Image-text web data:
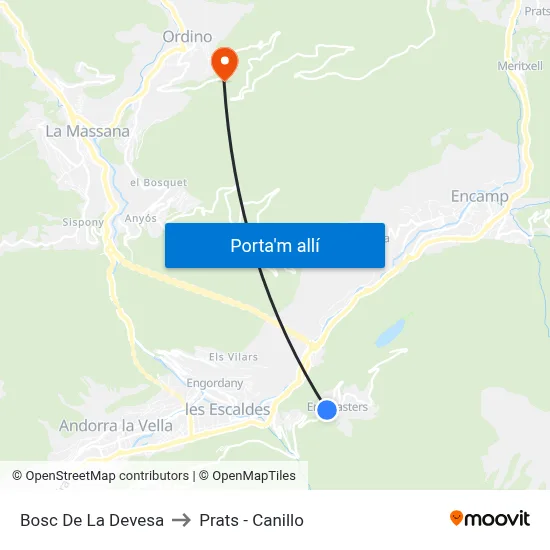 Bosc De La Devesa to Prats - Canillo map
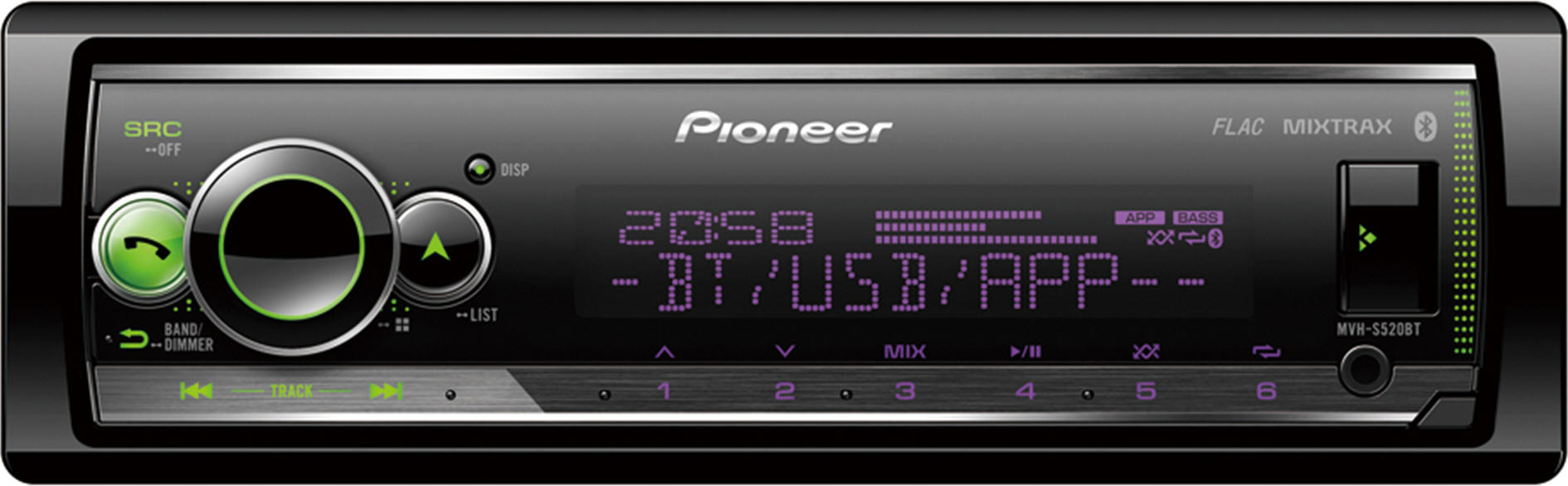 Pioneer Mp3/WMA/WAV/FLAC/USB/BT/Android/Iphone lejátszó MVH-S520BT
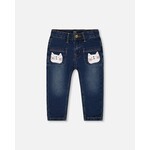 Deux par Deux DEUX PAR DEUX - Dark Denim Jeans with Cat Appliqué Pockets 'Cathy the Cat'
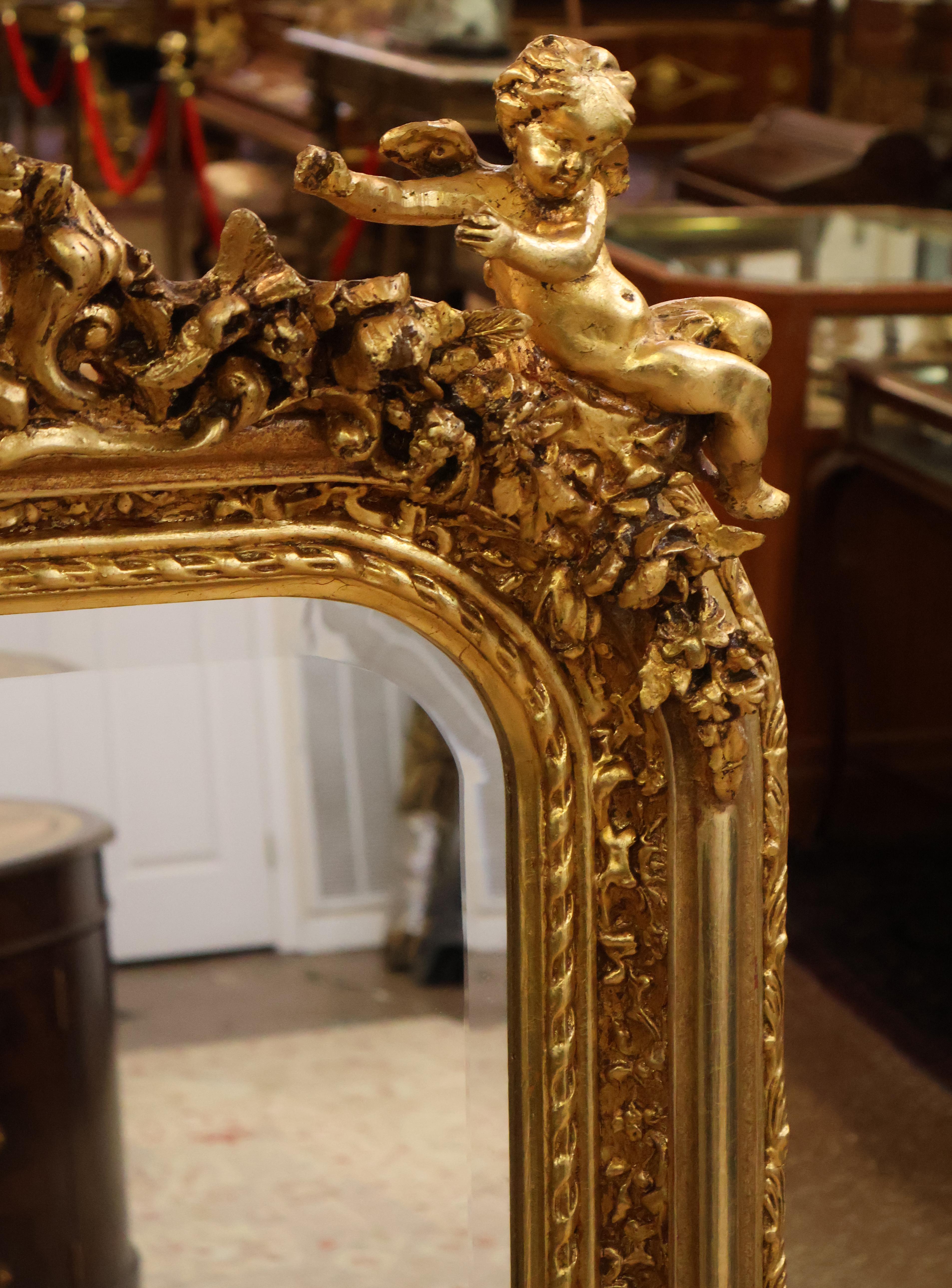 Gorgeous Louis XV Französisch Stil Gold Cherub abgeschrägten Spiegel im Angebot 5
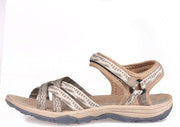 Women Hiking Sandals, Girls Outdoor Sport Water Shoes Summer Flat Cross-Tied Sandals Open Toe Adjustable Hook and Loop Walking Shoes Black Pink Gray Sand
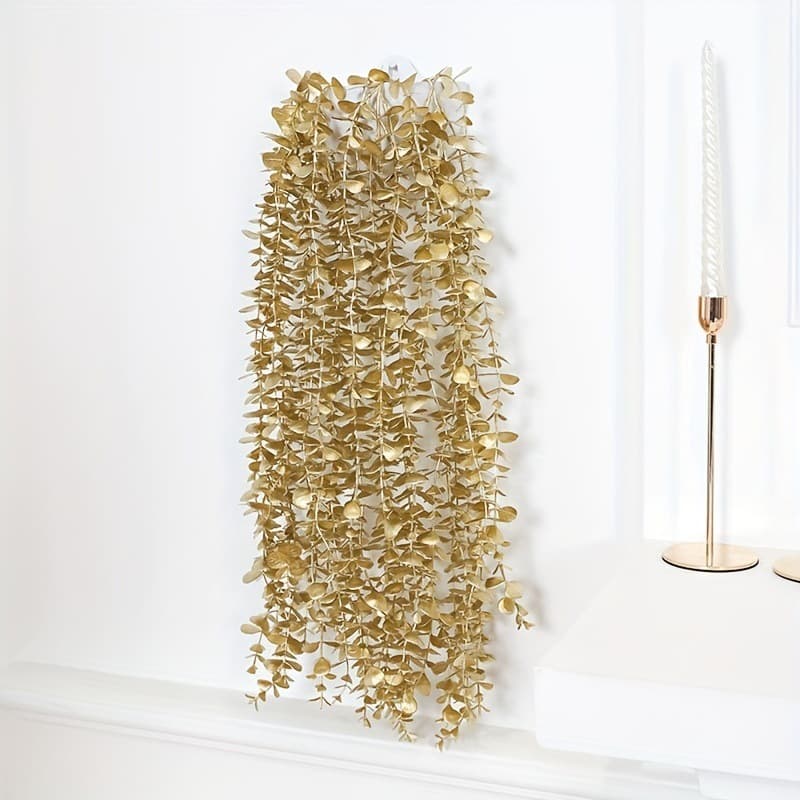 Cross-border Exclusive Artificial Golden Eucalyptus Leaf Vine Wall Hanging Round Leaf Plastic Money Plant Vine Drop Shipping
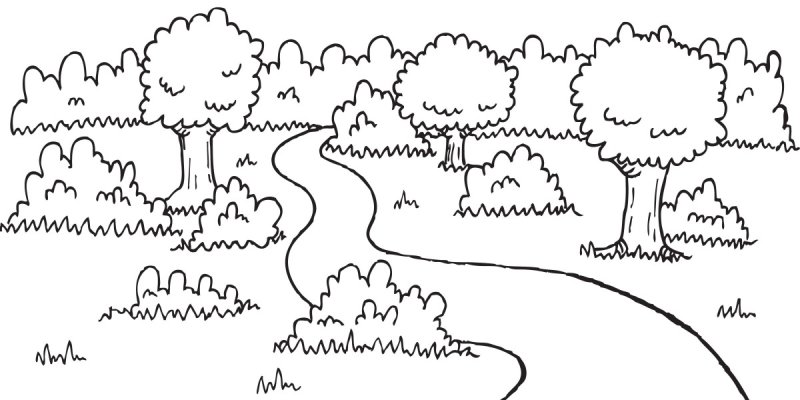 Раскраска пейзаж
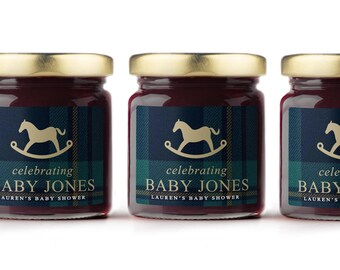 Elegant Baby Shower Jam Jar Favor - Rocking Horse Baby Shower - Blueberry Jam - Plaid Baby Shower Favors - Personalized Shower Favors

**Goal of the exercise**: Begin at the line containing "Women Hiking Sandals, Girls" and write out every line to the end of the data exactly. Skip the pictures.

**Answer to the problem**:
 Women Hiking Sandals, Girls Outdoor Sport Water Shoes Summer Flat Cross-Tied Sandals Open Toe Adjustable Hook and Loop Walking Shoes Black Pink Gray Sand
 Cross-border Exclusive Artificial Golden Eucalyptus Leaf Vine Wall Hanging Round Leaf Plastic Money Plant Vine Drop Shipping
 Раскраска пейзаж
 Elegant Baby Shower Jam Jar Favor - Rocking Horse Baby Shower - Blueberry Jam - Plaid Baby Shower Favors - Personalized Shower Favors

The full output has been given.